Avant cette médiation, « nous avons vu la réticence de la partie russe à mener ces processus. Aujourd’hui, c’est devenu beaucoup plus facile ».  

Il revient du Qatar, où il a rencontré le premier ministre et « soulevé la question du retour non seulement des enfants ukrainiens, mais aussi des civils ».  

Le Qatar, qui depuis juillet 2023 a aidé au rapatriement de 30 enfants ukrainiens, est prêt à contribuer à d’autres retours, indique à l’AFP son ambassadeur, Hadi Nasser Mansour Al-Hajri.  

« Nous sommes ouverts à toutes les possibilités : faire venir des prisonniers de guerre ou des prisonniers politiques… et les enfants, nous sommes ouverts à toutes ces choses » dit-il, relevant que son pays est « presque le seul » à être « impliqué dans cette question ».  

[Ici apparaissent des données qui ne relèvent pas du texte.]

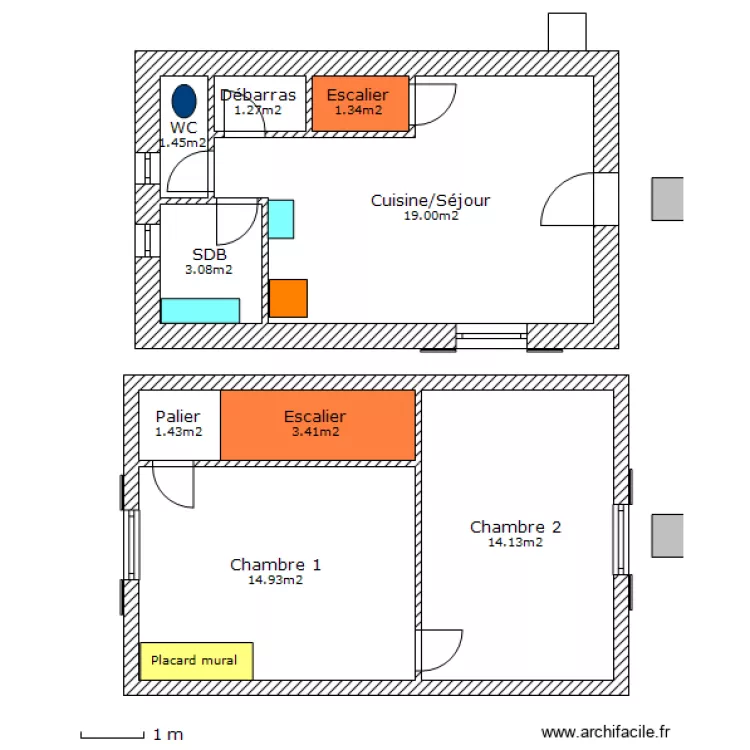 BRUNET. Plan de BRUNET. Plan de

Kyiv accuse la Russie d’avoir « déporté » des milliers d’enfants vers son territoire depuis les régions qu’elle occupe en Ukraine, Moscou assurant de son côté les avoir transférés pour assurer leur sécurité face aux combats et être prêt à les remettre à leurs proches en Ukraine si ceux-ci en font la demande.

La Cour pénale internationale a émis l’année dernière un mandat d’arrêt contre Vladimir Poutine et la commissaire russe à l’enfance Maria Lvova-Belova pour « crime de guerre » en raison de cette politique, une décision que le Kremlin juge nulle et non avenue.